I understand what you mean. but, When I wrote via fuse, Those problems also happend. This is a write log from client to server: client:~# mount | grep brick /usr/local/glusterfs-3.2.0/etc/glusterfs/xxxxxx.vol on /a/brick01/xxxxxx type fuse.glusterfs (rw,allow_other,default_permissions,max_read=131072) client:~# cd /a/brick01/xxxxxx/yyyy;pwd /a/brick01/xxxxxx/yyyy client:/a/brick01/xxxxxx/yyyy# for x in 121 122 123 124 125 126 127 128 129 130; do dd if=/dev/zero of=./data.${x} bs=1024 count=${x}; done 121+0 records in 121+0 records out 123904 bytes (124 kB) copied, 0.00740512 s, 16.7 MB/s 122+0 records in 122+0 records out 124928 bytes (125 kB) copied, 0.00693275 s, 18.0 MB/s 123+0 records in 123+0 records out 125952 bytes (126 kB) copied, 0.00667576 s, 18.9 MB/s 124+0 records in 124+0 records out 126976 bytes (127 kB) copied, 0.00650061 s, 19.5 MB/s 125+0 records in 125+0 records out 128000 bytes (128 kB) copied, 0.00780486 s, 16.4 MB/s 126+0 records in 126+0 records out 129024 bytes (129 kB) copied, 0.00731015 s, 17.6 MB/s 127+0 records in 127+0 records out 130048 bytes (130 kB) copied, 0.00669811 s, 19.4 MB/s 128+0 records in 128+0 records out 131072 bytes (131 kB) copied, 0.00661765 s, 19.8 MB/s 129+0 records in 129+0 records out 132096 bytes (132 kB) copied, 0.00749507 s, 17.6 MB/s 130+0 records in 130+0 records out 133120 bytes (133 kB) copied, 0.00710567 s, 18.7 MB/s client:/a/brick01/xxxxxx/yyyy# ls -lh data.1* ls: cannot access data.128: Invalid argument <-- broken ls: cannot access data.129: Invalid argument <-- broken ls: cannot access data.130: Invalid argument <-- broken -rw-r--r-- 1 root root 121K Jun 30 14:40 data.121 -rw-r--r-- 1 root root 122K Jun 30 14:40 data.122 -rw-r--r-- 1 root root 123K Jun 30 14:40 data.123 -rw-r--r-- 1 root root 124K Jun 30 14:40 data.124 -rw-r--r-- 1 root root 125K Jun 30 14:40 data.125 -rw-r--r-- 1 root root 126K Jun 30 14:40 data.126 -rw-r--r-- 1 root root 127K Jun 30 14:40 data.127
Hi Yasuya, We do not support writing to backend directly (bypassing the client). This creates inconsistencies. As your log shows, one of the backend has the data, while the other does not [root@gluster-server01 item]# getfattr -m . -d -e hex ./739/10498739/0624/img6740191728085.jpg # file: 739/10498739/0624/img6740191728085.jpg trusted.gfid=0xc7daf1f183d946dcaca210b30dc26d1e <<----as you wrote to the backe server01 directly. [root@gluster-server02 item]# getfattr -m . -d -e hex ./739/10498739/0624/img6740191728085.jpg getfattr: ./739/10498739/0624/img6740191728085.jpg: No such file or directory the client protocol (replicate) actually takes care of mirroring the info on both servers. Please restart all your tests, and do not write to the backend directly. One way to recover data is, to write data(copy the file) to the mount point, and after completion, delete the data on the backend to which you had written directly(older copy). Please let me know if I can go ahead and close this bug.

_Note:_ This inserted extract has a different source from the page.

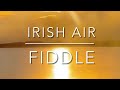 Irish Air Brought Back to Life: Fiddle Electric Violin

Closing the bug as I have not heard back from the originator of the bug. The issue was writing to one of the replica backend directly, which is not supported.
I tried recommended configuration but, same situation was going on. Finally I resolved this problem to setting as following. #------------------------------------------------------------------------ # # performance settings # #------------------------------------------------------------------------ volume cache type performance/io-cache option cache-size 256MB subvolumes replicate1 end-volume volume writeback type performance/write-behind option cache-size 128MB subvolumes cache end-volume #volume quickread # type performance/quick-read # option cache-timeout 1 # option max-file-size 512KB # subvolumes writeback #end-volume volume iothreads type performance/io-threads option thread-count 16 subvolumes writeback end-volume When I set quickread, glusterfs could not write over 128KB. Thank you for helping us.